Observation or evidence? Are non-randomized studies really more generalizable than randomized trials?

Article type
Authors
Lee N, McDonagh M, Chan B
Abstract
Background: Clinicians and advocacy groups have expressed concerns regarding limited applicability or generalizability of results from randomized controlled trials (RCTs) in a systematic review of atypical antipsychotics (AAPs), conducted by the Drug Effectiveness Review Project, due to strict eligibility criteria. It was suggested that non-randomized studies (nonRCTs) be included in future updates since these studies provide more information on effectiveness and applicability than RCTs. A discussion of the quality and methodological limitations of nonRCTs included in a subsequent update has been presented by McDonagh et al. and can be found in the 2006 Cochrane Colloquium. Whether nonRCTs provide more information on applicability than RCTs remains unclear. Objectives: To assess whether significant differences in applicability characteristics between nonRCTs and RCTs are present. To characterize similarities or differences in applicability and to further develop our checklist for applicability. Methods: Trials and nonRCTs directly comparing AAPs for treatment of schizophrenia were identified. We classified studies as effectiveness or efficacy designs.

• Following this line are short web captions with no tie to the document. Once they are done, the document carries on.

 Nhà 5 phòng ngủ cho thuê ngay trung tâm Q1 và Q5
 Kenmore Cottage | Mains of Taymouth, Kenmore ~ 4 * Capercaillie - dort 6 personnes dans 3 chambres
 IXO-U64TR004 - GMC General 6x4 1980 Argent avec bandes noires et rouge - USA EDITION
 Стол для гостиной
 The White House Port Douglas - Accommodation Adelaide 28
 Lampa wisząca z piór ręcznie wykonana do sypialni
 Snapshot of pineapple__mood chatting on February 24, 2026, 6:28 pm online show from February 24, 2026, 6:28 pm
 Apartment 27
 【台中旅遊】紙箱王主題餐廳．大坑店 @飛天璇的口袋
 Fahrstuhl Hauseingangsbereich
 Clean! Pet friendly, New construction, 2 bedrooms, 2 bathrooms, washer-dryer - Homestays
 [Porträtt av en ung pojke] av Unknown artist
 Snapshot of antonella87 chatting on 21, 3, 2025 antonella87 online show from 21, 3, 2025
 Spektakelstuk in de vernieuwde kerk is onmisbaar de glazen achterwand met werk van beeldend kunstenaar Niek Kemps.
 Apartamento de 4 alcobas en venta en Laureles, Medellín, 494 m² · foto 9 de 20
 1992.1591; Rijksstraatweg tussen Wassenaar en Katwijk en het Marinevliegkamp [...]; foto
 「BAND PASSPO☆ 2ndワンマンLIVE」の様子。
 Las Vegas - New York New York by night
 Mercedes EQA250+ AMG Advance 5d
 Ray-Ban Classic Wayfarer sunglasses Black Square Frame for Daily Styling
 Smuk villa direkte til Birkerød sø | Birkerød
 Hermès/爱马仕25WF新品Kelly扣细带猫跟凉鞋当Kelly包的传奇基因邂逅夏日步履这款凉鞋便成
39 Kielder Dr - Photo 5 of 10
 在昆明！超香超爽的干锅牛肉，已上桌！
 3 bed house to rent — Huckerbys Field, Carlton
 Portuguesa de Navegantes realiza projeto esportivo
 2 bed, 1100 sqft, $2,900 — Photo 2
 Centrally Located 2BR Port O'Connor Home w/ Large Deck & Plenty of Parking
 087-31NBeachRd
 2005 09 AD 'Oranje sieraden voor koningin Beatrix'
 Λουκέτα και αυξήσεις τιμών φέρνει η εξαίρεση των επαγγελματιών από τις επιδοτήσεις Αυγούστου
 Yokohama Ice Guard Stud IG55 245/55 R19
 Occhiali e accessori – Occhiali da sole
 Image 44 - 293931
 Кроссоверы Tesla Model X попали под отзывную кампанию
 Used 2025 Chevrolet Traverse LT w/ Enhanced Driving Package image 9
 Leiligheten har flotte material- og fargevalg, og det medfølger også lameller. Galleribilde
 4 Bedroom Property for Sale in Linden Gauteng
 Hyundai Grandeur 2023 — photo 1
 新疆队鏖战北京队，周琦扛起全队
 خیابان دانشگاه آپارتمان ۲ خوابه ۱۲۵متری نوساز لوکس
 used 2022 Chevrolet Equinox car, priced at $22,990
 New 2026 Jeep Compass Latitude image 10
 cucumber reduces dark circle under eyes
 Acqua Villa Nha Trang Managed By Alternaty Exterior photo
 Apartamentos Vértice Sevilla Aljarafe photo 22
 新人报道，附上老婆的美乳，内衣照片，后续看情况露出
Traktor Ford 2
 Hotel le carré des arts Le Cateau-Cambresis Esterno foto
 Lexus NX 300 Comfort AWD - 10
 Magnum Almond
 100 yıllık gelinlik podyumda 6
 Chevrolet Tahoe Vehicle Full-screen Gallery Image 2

Efficacy trials include RCTs and try to determine whether an intervention works under controlled conditions; whereas effectiveness studies (which include RCTs and nonRCTs) try to determine how well an intervention works under ordinary conditions over longer periods of time. A 31-item applicability checklist was created and applied. Descriptive statistics were used to make comparisons between and across different study designs. Qualitative analysis of nonparametric data will also be conducted to further examine differences in applicability characteristics across the design types. Results: Eighty-one publications were identified: 4 effectiveness RCTs, 33 nonRCTs, and 44 efficacy RCTs. Exploratory analysis of 3 effectiveness RCTs, 11 efficacy RCTs, and 11 nonRCTs suggests that effectiveness RCTs reported a greater number of applicability characteristics (mean 23, median 21, SD 4.4) than efficacy RCTs (mean 15.8, median 16, SD 3.4) or nonRCTs (mean 14.4, median 17, SD 5.8). Further statistical analyses will be conducted. Conclusions: Based on preliminary analyses, efficacy RCTs and nonRCTs did not differ in their applicability. Effectiveness RCTs were superior to both efficacy RCTs and nonRCTs. Final analysis will be completed by October 2008.